++++ RECORDS SUPPLIED
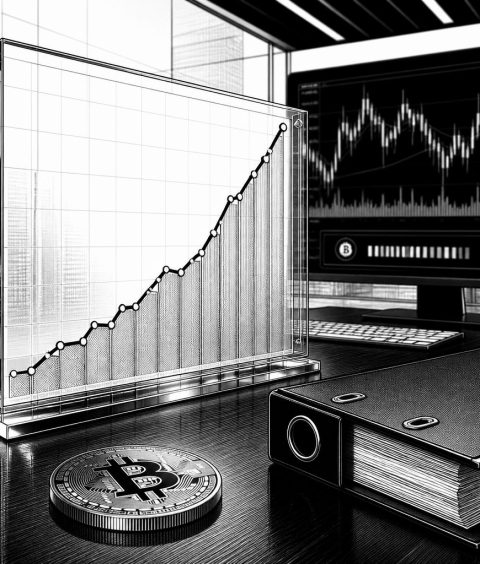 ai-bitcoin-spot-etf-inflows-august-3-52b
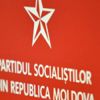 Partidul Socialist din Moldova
++++++++
++++ RECORDS SUPPLIED
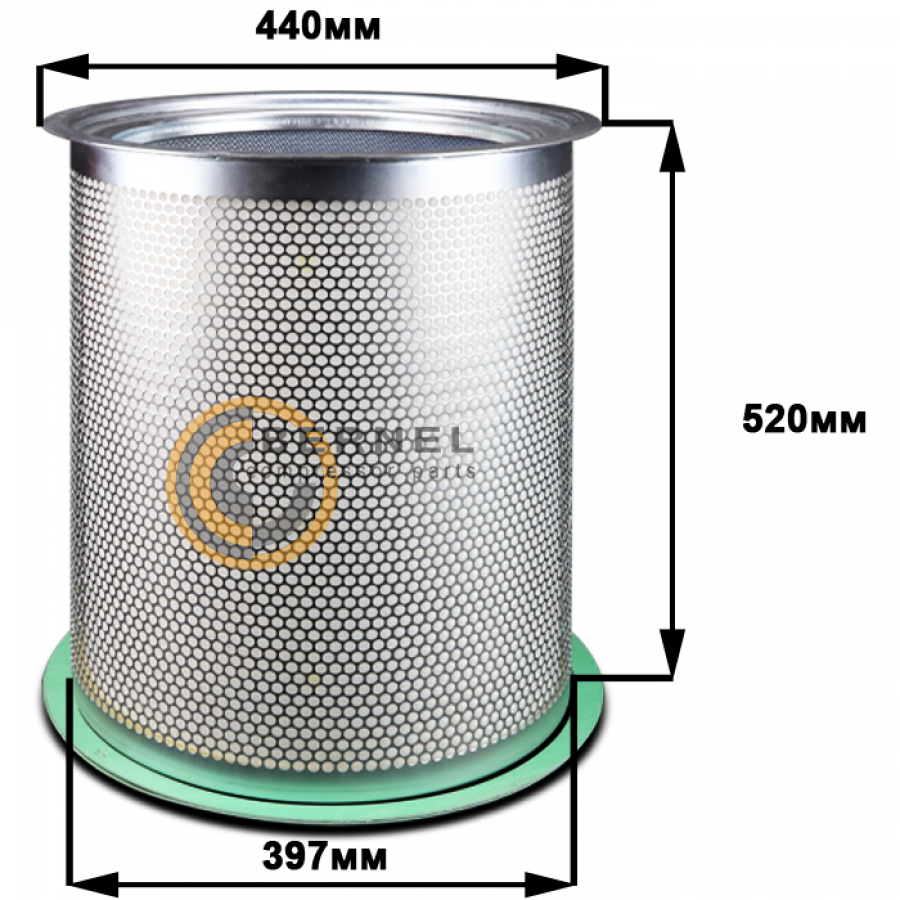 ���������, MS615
++++++++
AIM OF THE EXERCISE:
After locating the line containing "ai-bitcoin-spot-etf-inflows-august-3-52b" in the entries above, return it and every line after it exactly, ending at the line containing "Partidul Socialist din Moldova", without pictures.

ANSWER TO THIS TASK:
 ai-bitcoin-spot-etf-inflows-august-3-52b
 Partidul Socialist din Moldova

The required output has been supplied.